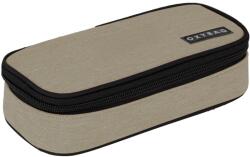 KARTON P+P Iskolai tok etue komfort UNICOLOR Mocca (6-63026)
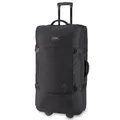 Dakine 365 ROLLER 120 Liter Black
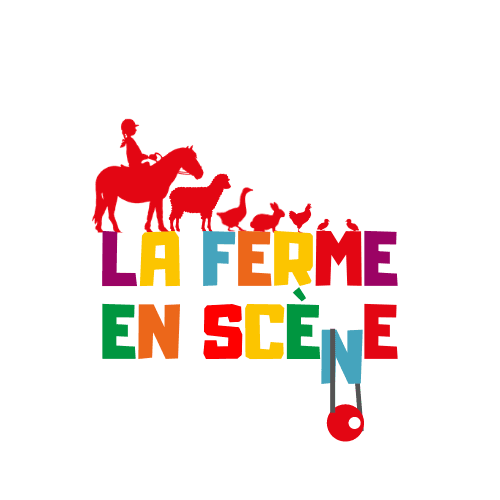 breweries/13a28122-9efa-41a0-8f27-1eef405b1cc0/ferme-en-scene-lueXiHXj7fzHEn4UfImwXPhCZXuIZT.png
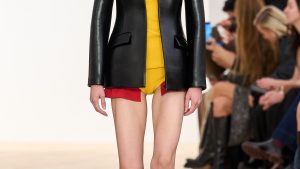 Loewe Spring 2026 Ready-to-Wear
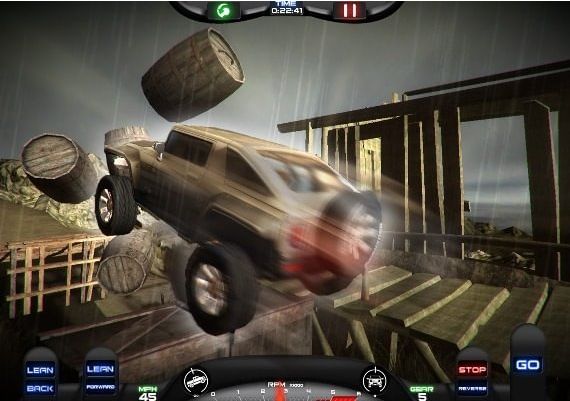 O3DX EN Global Steam Digital Key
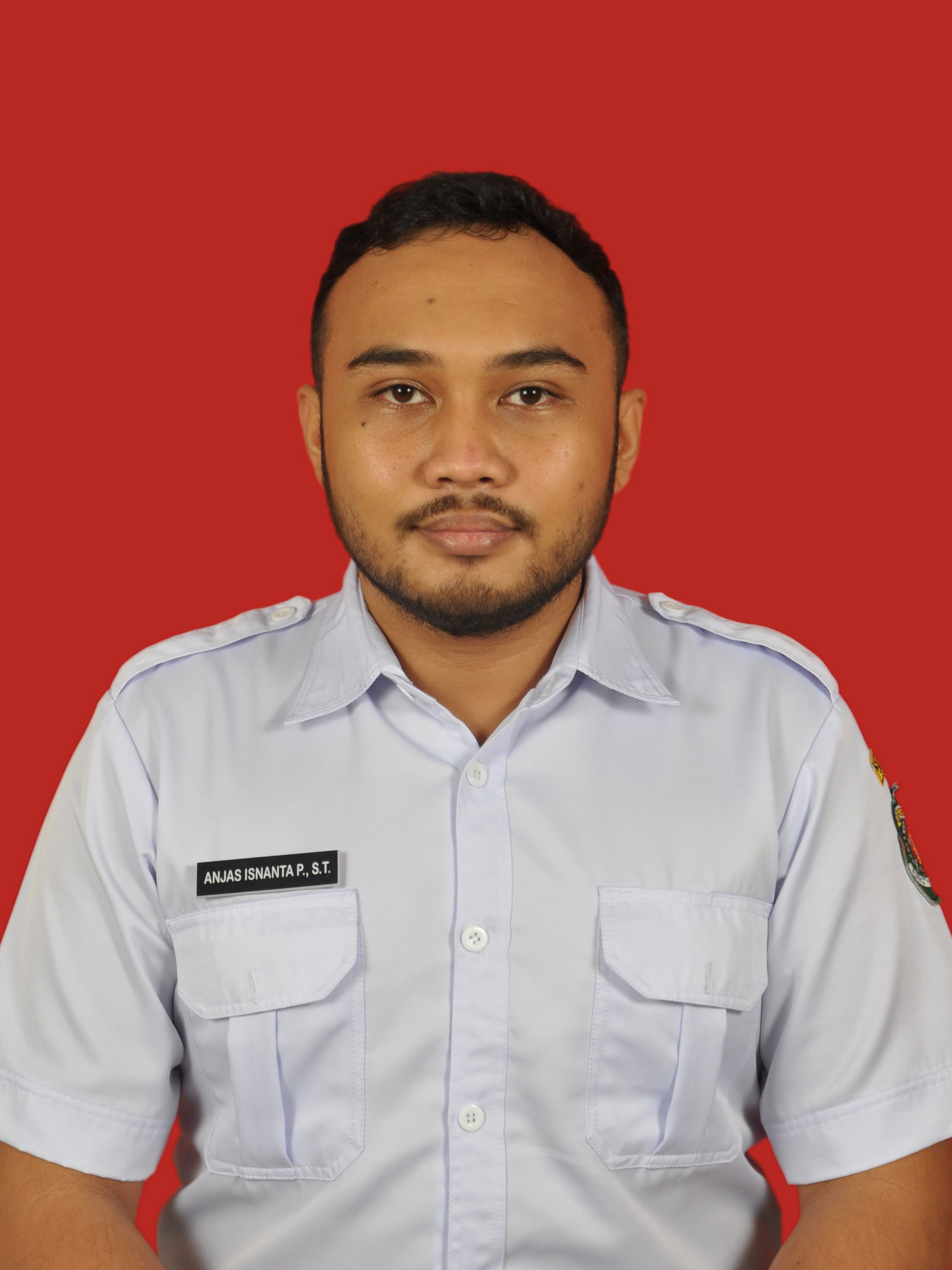 https://web.pakki.org/storage/anggota/bageur-240724082953.jpeg
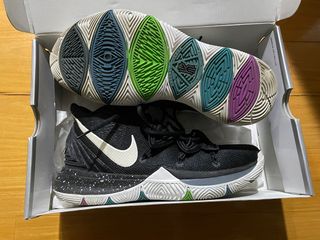 （分類：）位於 。 由 chc_69 提交（商品編號 1140932135，圖片 1）。簡介： 。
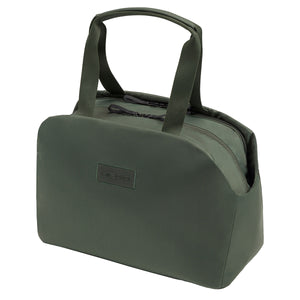 HEAD Pro X Tote Bag 22L Green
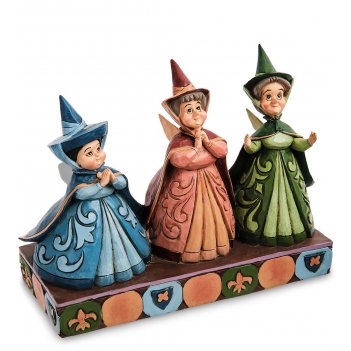 Disney-4059734    ( )
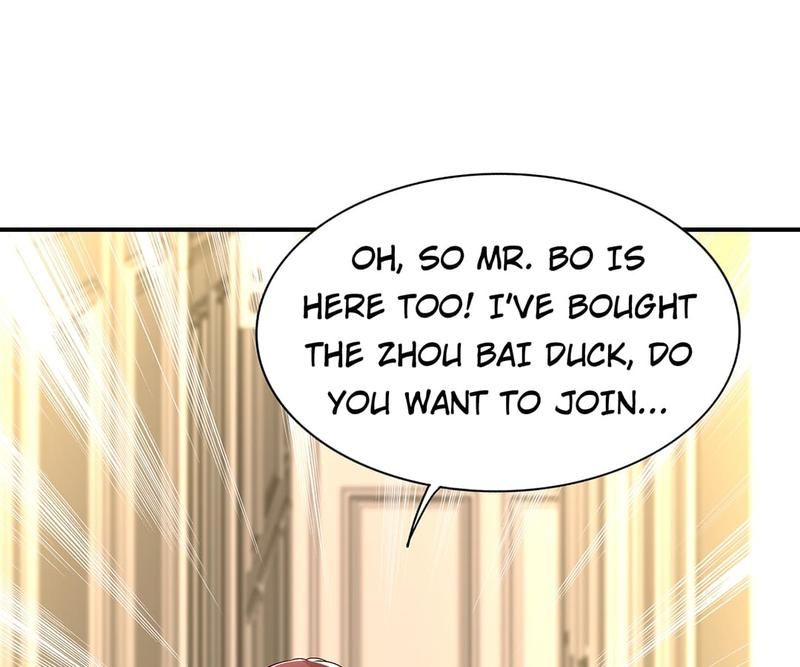 Don't Mess With Missy! - Episode 140 — page 90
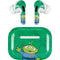 Disney Toy Story Alien AirPods Pro 2nd Gen Skin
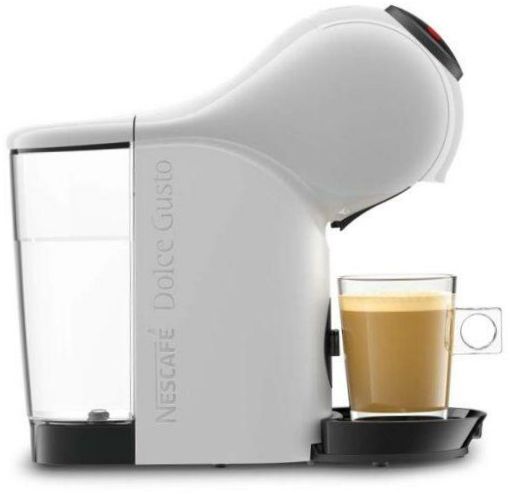 ps Dolce Gusto Genio S KP240110, fehér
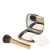 bareMinerals Touch Up To-Glow Kit (2 Produtos)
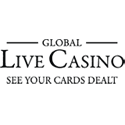 Global Live Casino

■ Exercise description: Only the lines from the line with "https://web.pakki.org/storage/anggota/bageur-240724082953.jpeg" through the end of the entries above, copied exactly and with both ends included, belong in the response; the pictures do not.

■ Response area:
 https://web.pakki.org/storage/anggota/bageur-240724082953.jpeg
 （分類：）位於 。 由 chc_69 提交（商品編號 1140932135，圖片 1）。簡介： 。
 HEAD Pro X Tote Bag 22L Green
 Disney-4059734    ( )
 Don't Mess With Missy! - Episode 140 — page 90
 Disney Toy Story Alien AirPods Pro 2nd Gen Skin
 ps Dolce Gusto Genio S KP240110, fehér
 bareMinerals Touch Up To-Glow Kit (2 Produtos)
 Global Live Casino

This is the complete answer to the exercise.